Essentially they stick you on a treadmill, put it at a steep incline, at a fast speed and wait until your breathing so hard your not getting the amount of oxygen you need to sustain. Then they lay you down and do a sonogram of your heart to see how thick it becomes during exertion. It's lots of fun. Especially since I didn't know I'd be doing it until 5 min before and therefore didn't have appropriate shoes or clothing.
 ^^Afterward, Matt insisted I get some Sprinkles for a job well done. It's best not to argue and just do what the mans says ;)
 ^^After our 2nd day at Stanford we head on over to San Francisco!
 ^^Hey, look Utah friends and family!!
 ^^We stayed at The Westin St Francis, right on Union Square. It was so much fun to be right in the heart of everything.
 ^^Most of my pictures will be of the amazing buildings and architecture. Everything killed me dead, I loved it so much!
 ^^Both nights we ate dinner at The Cheesecake Factory (it was amazing!) and what else is there to do at The Cheesecake Factory while waiting to be seated but take pictures of you and your sexy Hubby?
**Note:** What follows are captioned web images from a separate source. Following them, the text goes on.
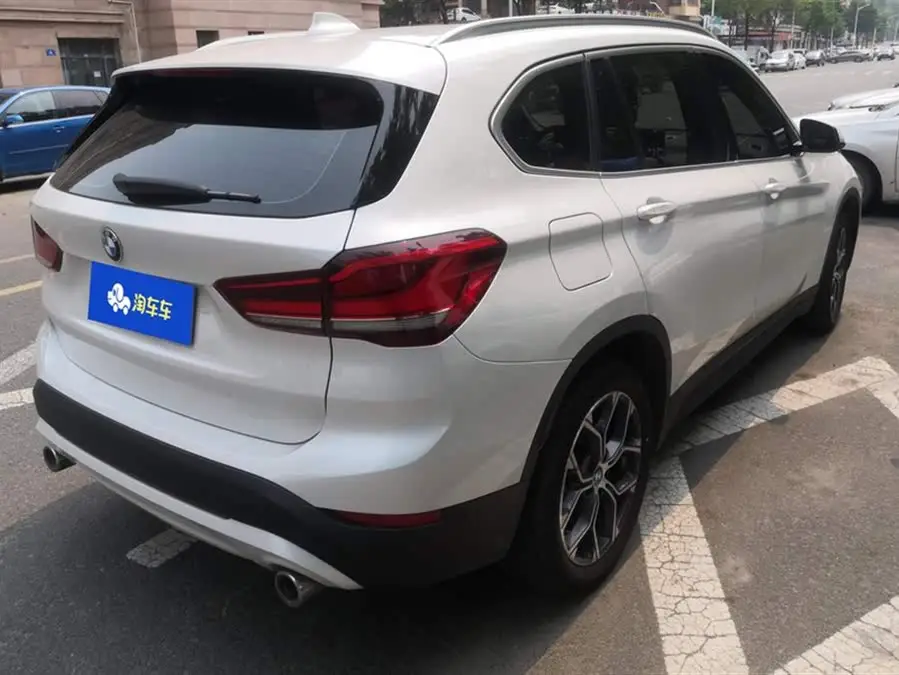 BMW X1 2020 sDrive25Li Leading Edition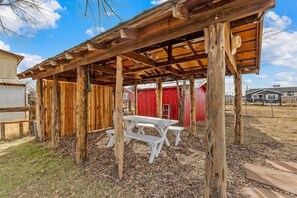 *Family Picnic Gazebo* with nice privacy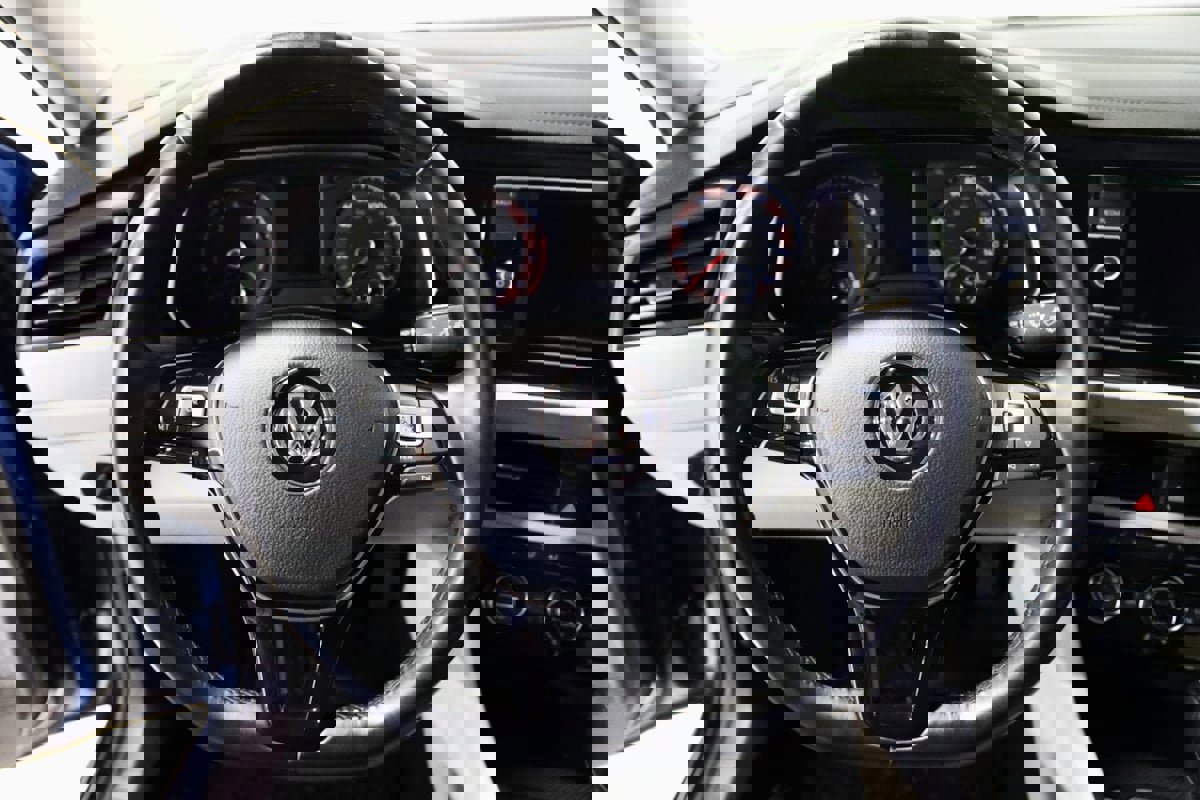 Used 2019 Volkswagen Jetta SE w/ Cold Weather Package image 34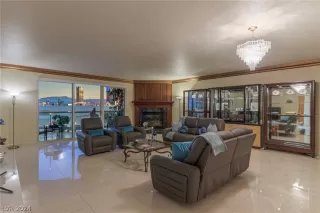 Photo #1: 2570912 Listing 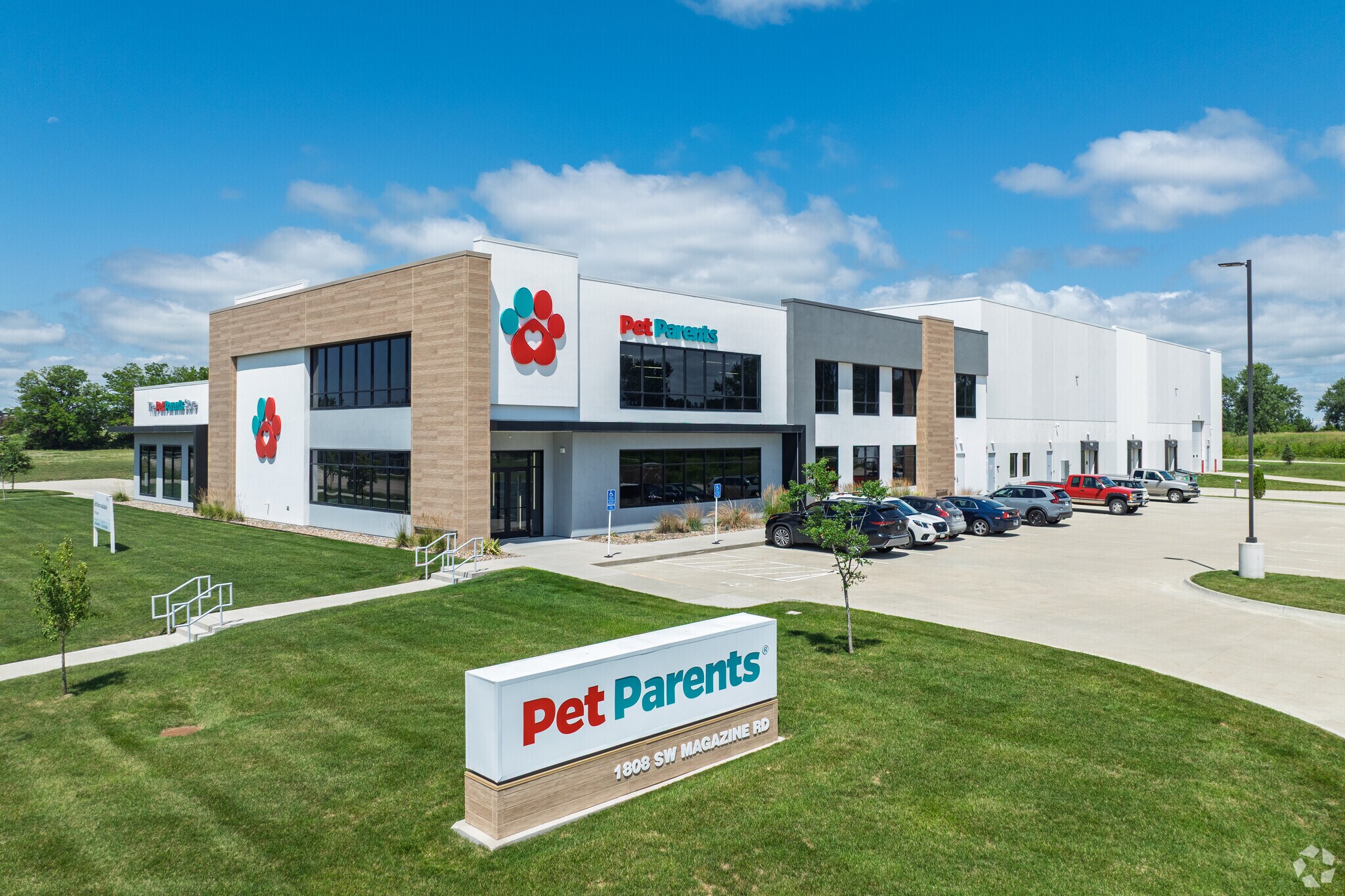 1808 SW Magazine Rd, Ankeny, IA for lease Primary Photo- Image 1 of 22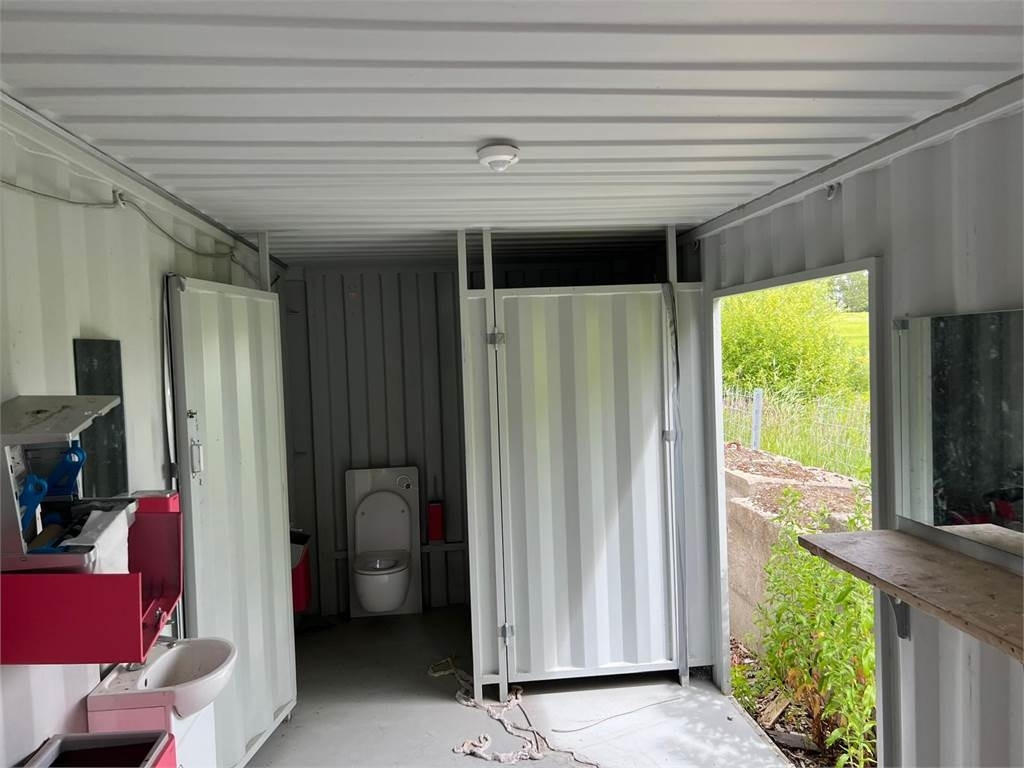 5 stk 20 fods indrettet til WC - baderum - Maināmā virsbūve - furgons: foto 3 5 stk 20 fods indrettet til WC - baderum - Maināmā virsbūve - furgons: foto 3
I have this bad habit of living in the moment. Which means the first day of vacations I rarely get a lot of (if any) pictures. It isn't until the 2nd day, and I've already seen and experienced the place, that I'm like, "That's so (insert adjective here)! I should get a picture of it!" Sometimes I regret it because when I get home I feel like I didn't capture a lot of special, fun, funny, awesome, etc. moments on camera; but Matt always reminds me that all of those moments were so special because we weren't worried about capturing them, we were living them. And I really liked that.

1 comment:

  1. So jealous, you got to taste Sprinkles cupcakes, those babies are on my bucket list, and that Cupcake ATM thingy.